"Dog's bollocks"
A usage with a positive (albeit still vulgar) sense is "the dog's bollocks".[17] An example of this usage is: "Before Tony Blair's speech, a chap near me growled: ‘'E thinks 'e's the dog's bollocks’. Well, he's entitled to. It was a commanding speech: a real dog's bollocks of an oration".[18] Sometimes the phrase is shortened to just "the dog's" or "the bollocks" (see below). There are also several broadly synonymous substitute phrases that are sometimes used for humorous effect, including "the mutt's nuts", "the dog's danglies", "the badger's nadgers" etc.
Although this is a recent term (the Online Etymology Dictionary dates it to 1989[17][19]), its origins are obscure:
* Etymologist Eric Partridge and the BBC believe the term comes from the printers' mark of a colon and a dash;[20]
* Another theory suggests it is a compound word of 1950's Meccano sets called "box, deluxe", in much the same way that their "box, standard" set name was corrupted to "bog standard".[21] However, this explanation is not currently supported by evidence.
* "The dog's bollocks" fits in with several rhyming reduplications of positive meaning which were popular during the 1920s ("the bee's knees", "the cat's pajamas").

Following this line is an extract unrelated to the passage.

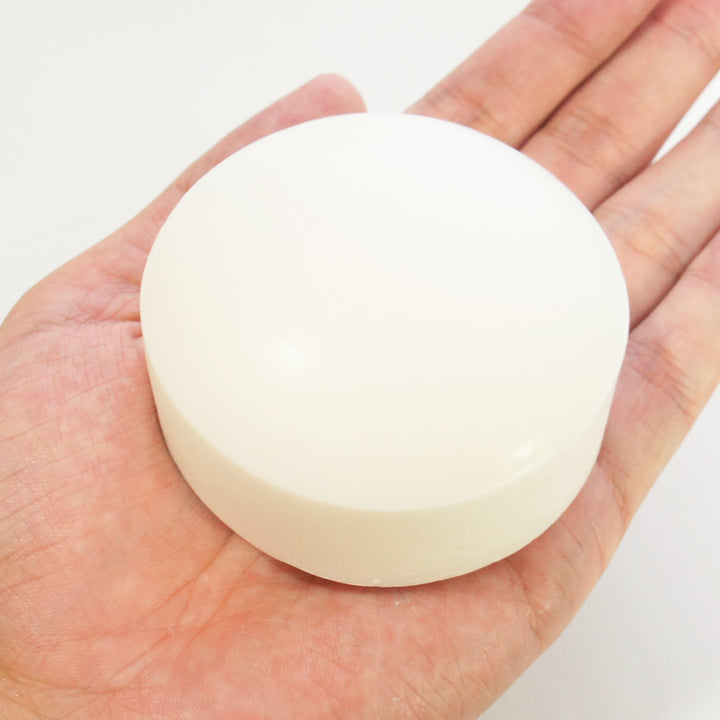肌美人豆腐石けん 130g 泡立てネット付き｜大豆イソフラボン｜ダイズ種子エキス、ニガリ、海苔エキス配合｜納豆のネバ由来のアミノ酸系保湿成分ポリグルタミン酸配合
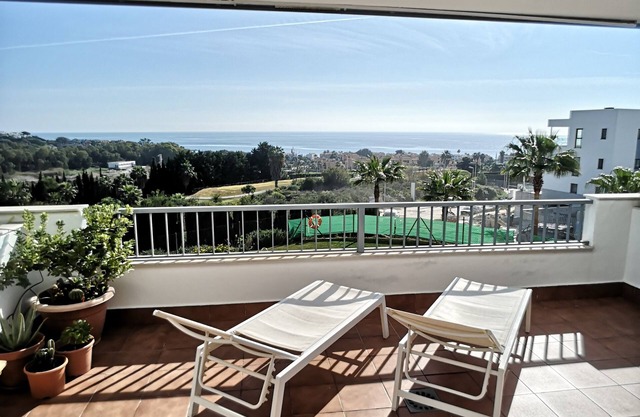 Dona Julia sea and golf view apartment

This phrase has found its way into popular culture in a number of ways. There is a beer brewed in England by the Wychwood Brewery called the "Dog's Bollocks",[22] as well as a lager c--ktail.[23] There is an Australian political blog called The Dogs Bollocks, with the motto 'Truth is like a dog’s bollocks - pretty obvious if you care to look – but most of us prefer to avert our gaze, or have them permanently removed'. In a derivative word-play, fans of Chelsea F.C. are known to refer to players Michael Ballack and Didier Drogba as "The Drog's Ballacks".